The Li murder abounds in puzzles -- his tattoos, the fact that he had a gun under the counter but didn't use it and that he tried to swallow a shell casing in his dying moments. These mysteries and delays frustrate Bosch, who knows "a case had to move like a shark. It could never stop its momentum because that could be fatal."
Those feelings are short-lived, however, for Bosch soon receives a threatening phone call from what sounds like a Chinese caller, warning him off the case and prompting suspicion that there is a leak inside the department. But when Bosch arrests the suspect Chang en route to LAX on Friday, he receives a video message on his phone that changes everything -- Maddie has been kidnapped, and Bosch believes it was done by the same Hong-Kong-based triad that had warned him off the case.
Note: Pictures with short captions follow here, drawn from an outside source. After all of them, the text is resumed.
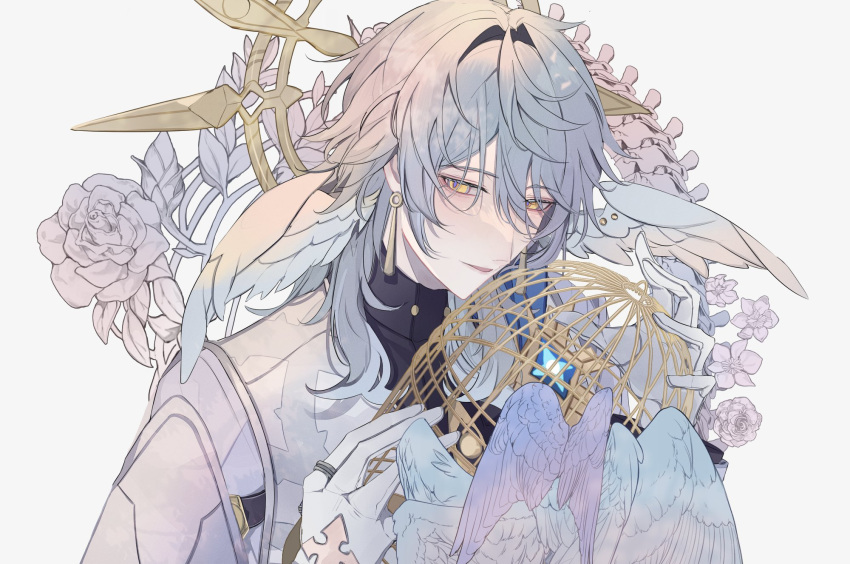 1boy, birdcage, cage, closed_mouth, earrings, flower, gloves, hair_between_eyes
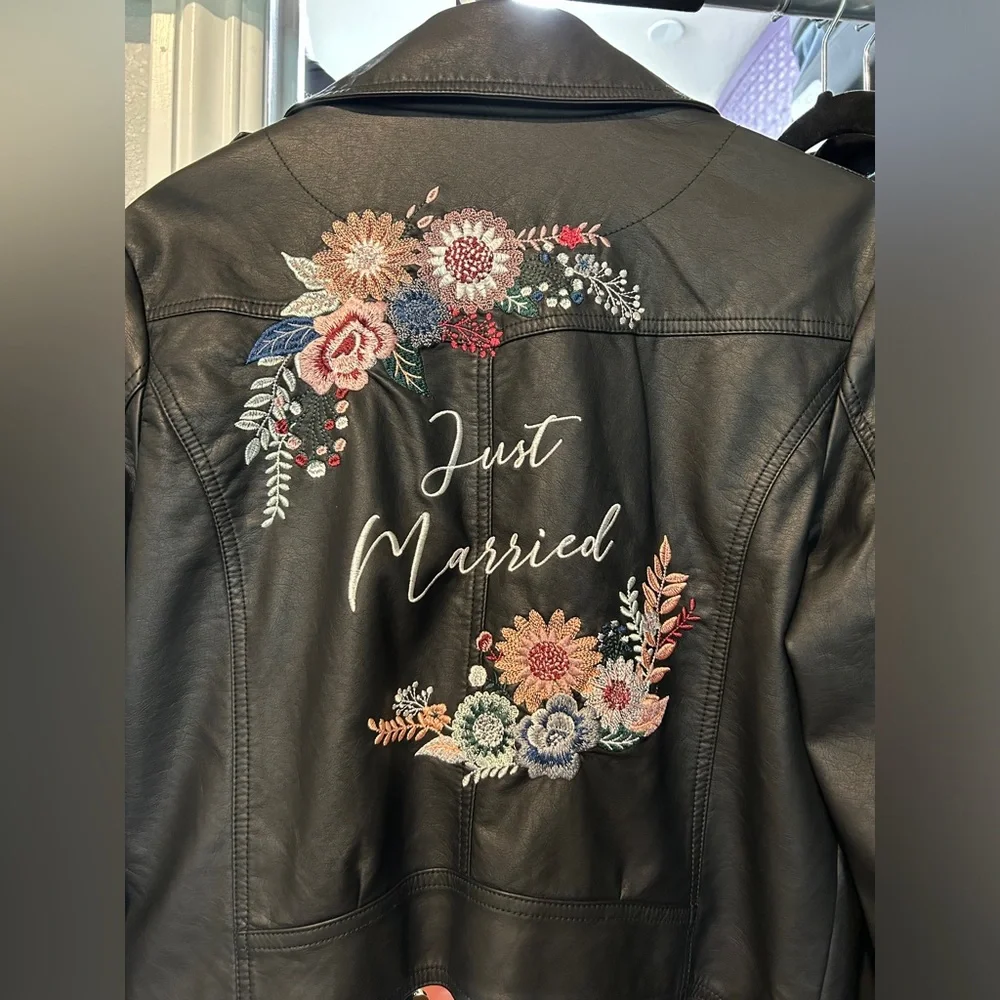 Vegan Leather Moto Jacket for the Bride - Picture 3 of 3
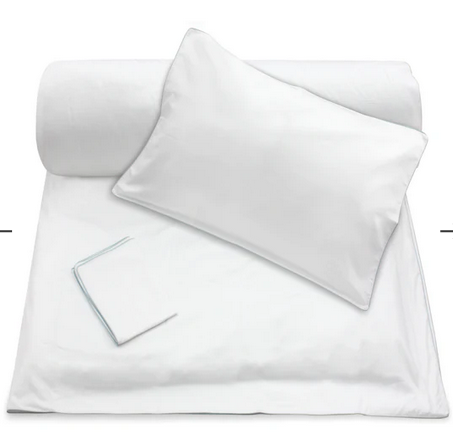 White Duvet with Light Blue Piping + Pillowcases (600 TC) 0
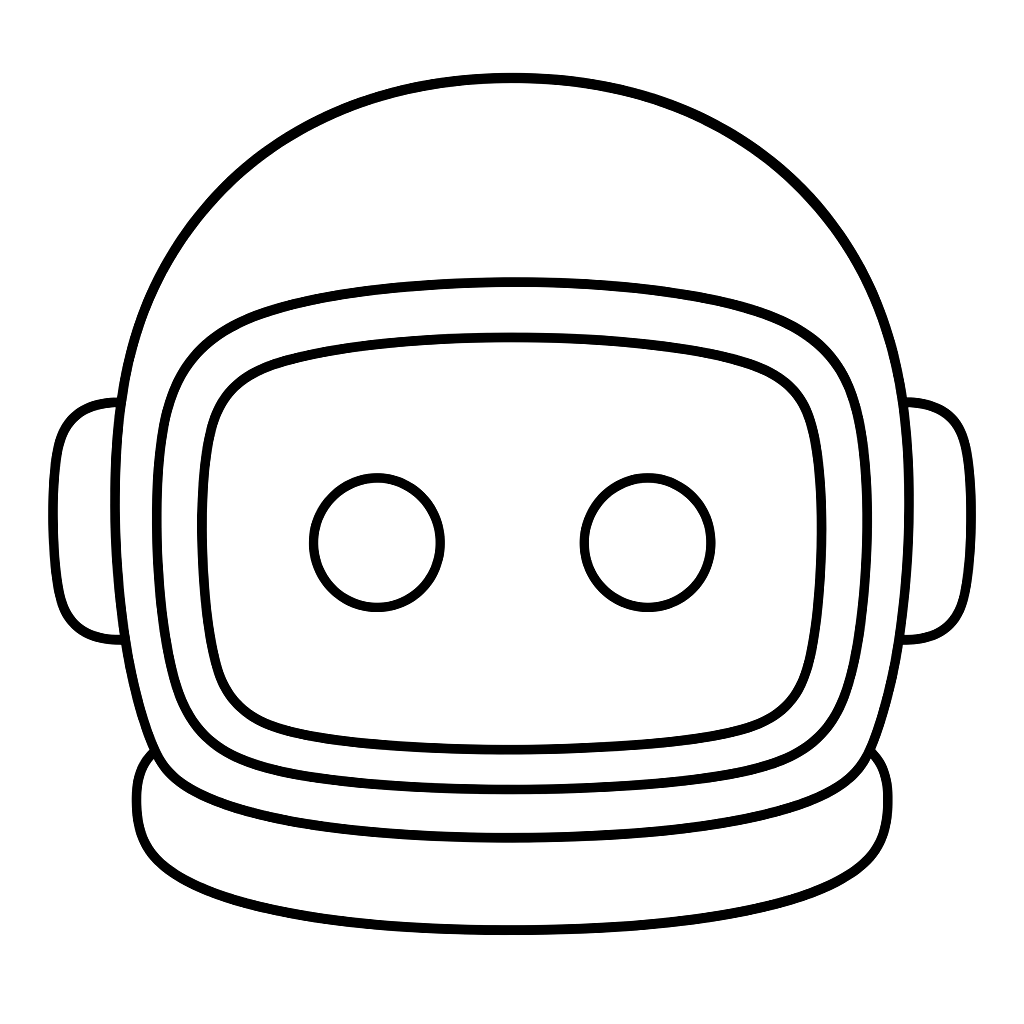 Kolorowanka astronauta glowa – czarno-biały rysunek konturowy do druku dla dzieci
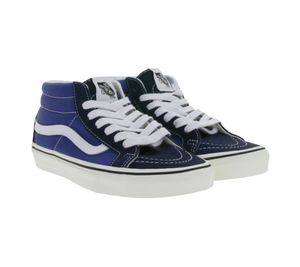Baskets montantes VANS SK-8 Mid Reissure pour femme, en cuir véritable, style rétro, semelle gaufrée en caoutchouc, référence VN0A391F5TU, bleu/blanc
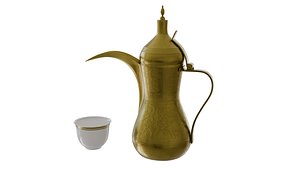 Ramadan - Islamic Coffee Pot -Dallah- with Porcelain Cup 3D model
Harry's feverish race against the clock and the international date line -- flying to Hong Kong to join forces with Maddie's mother in a 24-hour quest to confront the triad holding the girl and return with enough evidence to arraign Chang before he must be released Monday morning -- plunges the reader into a firestorm of danger and tragedy in a city as foreign to Harry as the stories behind the founding of Kowloon, where key scenes take place, or his observance of the Festival of Hungry Ghosts, during which residents burn sacrifices to ancestors all over Hong Kong.
To say that "Nine Dragons" is coiled tight with suspense understates Connelly's accomplishment in portraying Bosch at the cusp of a new world, where the refuge foretold in that matchbook fortune has such portentous resonance and implications. And though Connelly remains a master at detailing the intricacies of "the job," it is Harry's longing for reunion and connection with his ex-wife and daughter, the overwhelming vulnerability he feels as a father, that makes "Nine Dragons" another standout in the series that should satisfy all readers, whether they are new to Boschworld, occasional visitors or devoted denizens.